In the wake of the torch

I first met David and Marjorie Goodchild in 2007 when I had just joined Plant Heritage and our Hampton Court Palace Flower Show exhibit was ‘ROSACEAE’.  To demonstrate the breadth of this plant family the display featured  roses, (obviously) along with apples, pears, cherries, blackberries, geums, alchemillas and David’s speciality – potentillas which had been lent from his National Collection.   I offered to return them to his home in Northumberland while I was visiting family there, so it was my first visit to a National Collection.  Since then I have been back to the Goodchild’s several times; the 2010 AGM garden visit and to deliver membership leaflets and although the garden is fascinating, especially if David shows you his before and after photographs, I have been wanting to go back at the correct time of year to see the Potentilla in flower.

Fast forward to June 2012, my husband was carrying the Olympic Flame in Alnwick, an ideal opportunity to visit at the right time of year, and I was able to fit in a visit on my way back down south.  David and Marjorie’s garden is a delight.  The National Collection is housed in a devoted bed in the back garden near the house and beautifully signed with engraved labels.  A gap between flowering shubs leads into a woodland area housing more Potentilla and a Wisteria clad pergola leads into the third and final area of the garden, the most prolific vegetable garden cum plant nursery that I have ever seen in a private garden.
There are peas and beans, brassicas, chard, leeks and onions and in a poly tunnel, sweet corn, tomatoes and strawberries.

Avid propagators, they grow plants for the local group plant sales and to sell in the village market, which is also an outlet for their excess crops.  And despite being 300 miles further north, everything was three times the size of my plants in Surrey.  The front garden is a collection of unusual shrubs and small trees and when something gets too big, it makes way for a new and exciting replacement.  Discussions were in progress about what to plant to replace a cherry tree which had come to the end of its useful life.

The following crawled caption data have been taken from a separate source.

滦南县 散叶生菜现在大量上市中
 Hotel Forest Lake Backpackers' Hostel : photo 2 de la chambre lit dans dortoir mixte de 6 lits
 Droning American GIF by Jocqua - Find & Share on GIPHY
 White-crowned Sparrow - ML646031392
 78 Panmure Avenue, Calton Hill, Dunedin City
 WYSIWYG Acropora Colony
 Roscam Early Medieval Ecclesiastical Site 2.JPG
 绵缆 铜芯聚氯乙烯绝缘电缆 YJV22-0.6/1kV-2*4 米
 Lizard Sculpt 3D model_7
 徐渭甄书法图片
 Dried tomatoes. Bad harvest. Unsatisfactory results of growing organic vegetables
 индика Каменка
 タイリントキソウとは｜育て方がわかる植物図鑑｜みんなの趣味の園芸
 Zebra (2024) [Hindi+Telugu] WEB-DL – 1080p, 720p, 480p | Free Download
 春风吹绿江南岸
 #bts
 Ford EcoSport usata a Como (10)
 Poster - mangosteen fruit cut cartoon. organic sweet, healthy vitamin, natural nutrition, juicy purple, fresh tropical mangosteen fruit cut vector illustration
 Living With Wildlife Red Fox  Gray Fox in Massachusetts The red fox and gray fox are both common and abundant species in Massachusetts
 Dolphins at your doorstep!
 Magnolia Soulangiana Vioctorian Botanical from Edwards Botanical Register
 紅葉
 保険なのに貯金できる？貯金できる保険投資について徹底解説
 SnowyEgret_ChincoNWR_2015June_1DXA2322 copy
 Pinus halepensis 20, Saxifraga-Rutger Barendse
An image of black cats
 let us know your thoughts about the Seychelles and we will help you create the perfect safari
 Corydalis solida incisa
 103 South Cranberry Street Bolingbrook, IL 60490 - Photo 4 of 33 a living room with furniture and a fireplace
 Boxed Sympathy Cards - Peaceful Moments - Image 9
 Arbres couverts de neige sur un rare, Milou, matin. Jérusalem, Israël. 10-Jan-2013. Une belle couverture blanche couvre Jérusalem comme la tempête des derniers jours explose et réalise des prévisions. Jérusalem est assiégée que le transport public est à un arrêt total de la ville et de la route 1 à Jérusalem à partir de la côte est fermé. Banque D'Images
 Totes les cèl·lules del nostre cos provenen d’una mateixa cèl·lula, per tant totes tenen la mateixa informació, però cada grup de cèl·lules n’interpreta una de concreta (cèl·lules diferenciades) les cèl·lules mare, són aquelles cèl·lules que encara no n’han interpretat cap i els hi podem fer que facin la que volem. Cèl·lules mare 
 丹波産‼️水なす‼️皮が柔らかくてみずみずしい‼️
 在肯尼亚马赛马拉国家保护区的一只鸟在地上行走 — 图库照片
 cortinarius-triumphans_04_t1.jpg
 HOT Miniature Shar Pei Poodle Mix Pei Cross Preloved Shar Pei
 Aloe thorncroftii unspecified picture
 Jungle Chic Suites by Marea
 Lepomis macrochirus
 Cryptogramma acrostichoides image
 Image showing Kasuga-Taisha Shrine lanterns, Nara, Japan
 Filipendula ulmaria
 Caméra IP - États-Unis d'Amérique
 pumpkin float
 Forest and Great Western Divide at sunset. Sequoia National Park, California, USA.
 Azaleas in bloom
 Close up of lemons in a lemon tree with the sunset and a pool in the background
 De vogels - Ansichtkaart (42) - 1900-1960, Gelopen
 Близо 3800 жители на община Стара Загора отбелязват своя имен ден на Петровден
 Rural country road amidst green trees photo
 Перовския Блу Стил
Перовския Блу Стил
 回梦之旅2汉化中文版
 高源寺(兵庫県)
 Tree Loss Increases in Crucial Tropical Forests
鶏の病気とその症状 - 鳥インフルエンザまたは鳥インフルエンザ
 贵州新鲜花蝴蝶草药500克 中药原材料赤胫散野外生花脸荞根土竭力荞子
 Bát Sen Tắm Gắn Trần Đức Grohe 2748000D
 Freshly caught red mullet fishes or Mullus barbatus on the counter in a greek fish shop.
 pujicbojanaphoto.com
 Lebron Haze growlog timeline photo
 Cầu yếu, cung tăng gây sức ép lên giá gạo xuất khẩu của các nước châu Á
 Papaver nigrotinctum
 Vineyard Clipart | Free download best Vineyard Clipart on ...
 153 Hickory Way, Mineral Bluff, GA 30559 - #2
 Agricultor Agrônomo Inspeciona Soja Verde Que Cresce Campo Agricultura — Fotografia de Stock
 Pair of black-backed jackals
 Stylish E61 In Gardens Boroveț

Potentilla gracilis var. pulcherimma

David explained that unlike many Collection Holders, they had become involved with the NE group before deciding to work towards a National Collection and it was a difficult choice of genus.  All around the garden are the beginnings of collections of plants they love; Epimedium, Rodgersia, Philadelphus, and Deutzia.  But they finally settled on Potentilla as much for the variety of the foliage as for the colourful flowers.  Silver, green, silver edged, gold tinged, pinnate to palmate in shape, they are an elegant foil to the generally single, cup shaped flowers of white, yellow, orange, pink or red petals.

David deadheads his plants but explained that if the foliage is also cut back after flowering there will be a new flush of fresh leaves, giving a long season of interest.  A visit worth waiting for, and inspired by the variety of the plant structure I am now wondering how many Potentillas I can get into my garden.  Choose from the following;

And if you are out cheering on the Olympic Torch over the next few weeks, have a look to see if there is a Collection nearby you can visit.  Garden News June 19th featured this idea with a list of dates and locations.  Jim Marshall, (Malmaison Carnations) winner of Best in Show at Hampton Court last year will be opening in Ipswich on July 5th and as they were at HC, they will be looking fabulous.  Before that date, featuring the collections I have visited over the last year, there’s Leeds (many collections including Delphinium at their best) on June 24th, Barnsley (Agapanthus) on June 25th, and Rotherham (Fuchsia) on the 26th.  Have a great summer.